Many students spend many weeks — even months — deliberating on the choices of school or programme to attend. This certainly is time well spent, as a university education represents a major investment of time and money that will impact one’s future.
But one question that students often spend less time considering is the type of studies they eventually decide to pursue. There are many options: vocational training, community colleges, technical universities, art schools, liberal arts universities, trade schools and special interest schools.
While there is a role for each of these, many authorities in education strongly advocate the study of the social sciences.
What Are the Social Sciences?
The social sciences form a core part of a liberal arts education. Concerned with the human world and society, the social sciences delve into how society works and examine institutions such as the government, the economy and the family unit. The social sciences also examine how individuals and groups interact with one another and what drives human behaviour.

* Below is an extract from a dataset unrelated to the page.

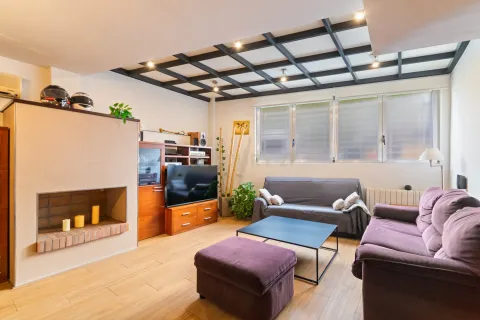 Apartamento de 4 dormitorios en venta en Santa Coloma de Gramenet, Barcelona, Cataluña, Spain № 6941 - foto 8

The social sciences provide knowledge of the social environment and nature while developing students’ human qualities and desirable attitudes. By discovering different facets of the social sciences, such as cultural and social beliefs, religions, nationalities, languages, festivals, clothing, food, etc., students learn that the society they live in is multicultural, diverse and interrelated between countries, cultures and religions.
This makes them more responsible, active and reflective towards society. In short, it makes them well-informed citizens.
The Role of Social Sciences in Higher Education
In the 19th century, philosophers argued that scholars should use scientific methods to analyse society. Calling this original approach “sociology”, these thinkers searched for laws of society that would meet the same scientific standards as the laws of nature. Today, many universities offer social science majors and most include them as part of their general education requirements.
The social sciences build critical thinking and analytical skills. Here are the objectives of teaching the social sciences:
- It imparts knowledge about civilisation and culture.
- It provides knowledge of social development.
- It develops social behaviour and civil qualities.
- It produces the power of thinking and reasoning.
- It creates the feeling of universal brotherhood.
- It inculcates good habits and moral and social values.
- It forms an all-around personality.
Steven Rathgeb Smith, Ph.D., Executive Director, American Political Science Association notes, “Put simply, social science is important because it develops better institutions and systems that affect people’s lives every day. The study of social science makes us efficient citizens of a democracy and helps us to solve the practical problems in our daily life. It also helps the students know how different societies are managed, structured and governed.”
Singapore University of Social Sciences (SUSS) shares this belief. Through a focus on the social sciences, the University’s mission is to develop learners so that they can impact the world around them to make their mark for the greater good. Its curriculum was created to impart professional knowledge, a passion for society and a thirst for lifelong learning. To date, over 42,000 SUSS graduates have gone on to make a mark in their careers, in life and in society.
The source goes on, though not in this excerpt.